REQUIRED ACTION: Return all the entries exactly. No pictures.

┌──

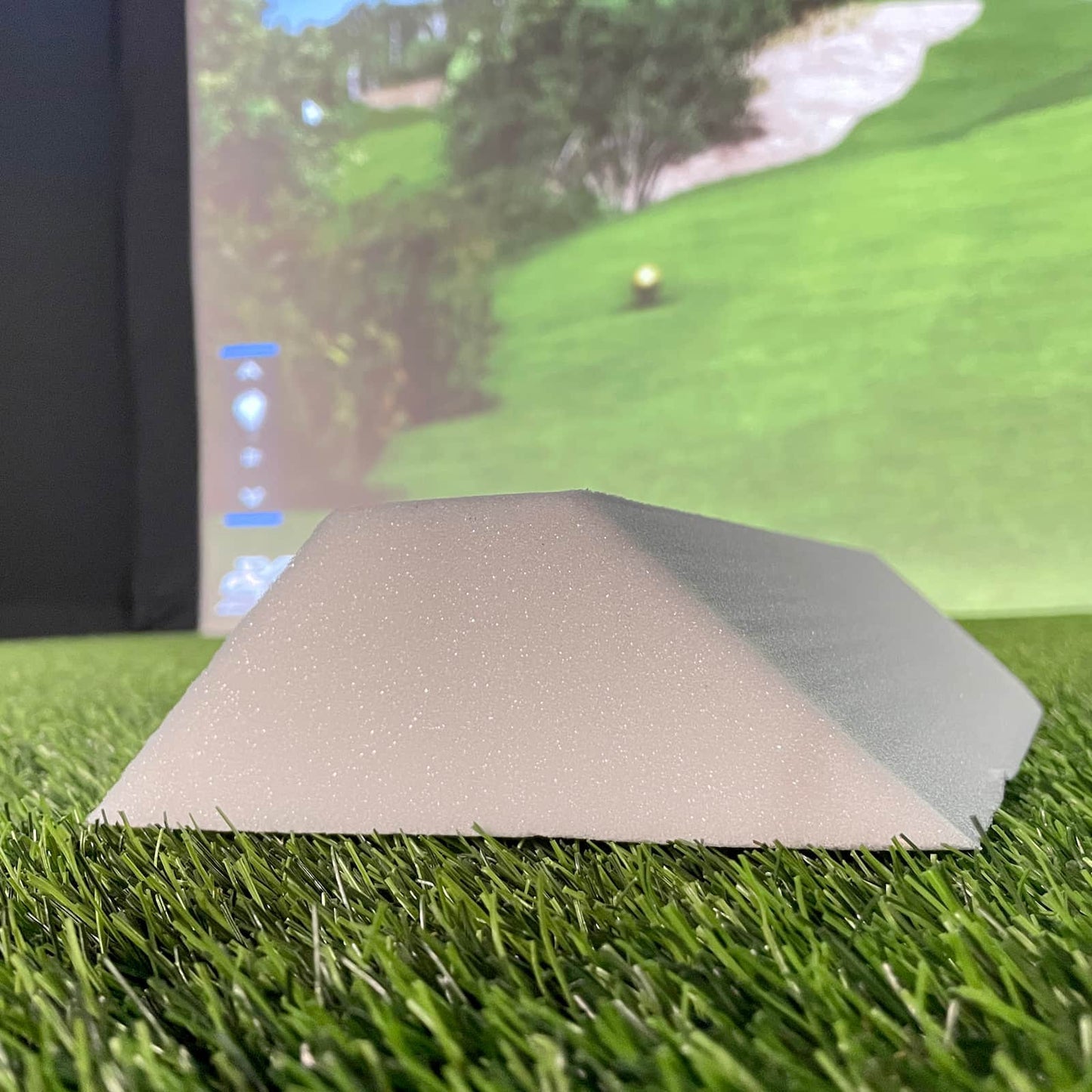 Carl's Ready-to-Golf Protee VX Bundle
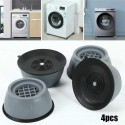 Anti Vibration Feet Pads 
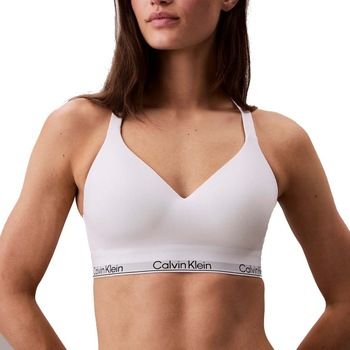 Calvin Klein Jeans Braguitas Lift Bralette Icon Cotton Modal para mujer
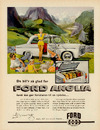 Ford Anglia 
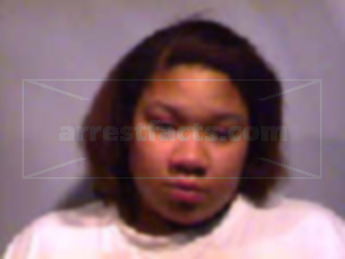 Carlita Antoinette Bruce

└──

RESPONSE TO THE EXERCISE:
 Carl's Ready-to-Golf Protee VX Bundle
 Anti Vibration Feet Pads 
 Calvin Klein Jeans Braguitas Lift Bralette Icon Cotton Modal para mujer
 Ford Anglia 
 Carlita Antoinette Bruce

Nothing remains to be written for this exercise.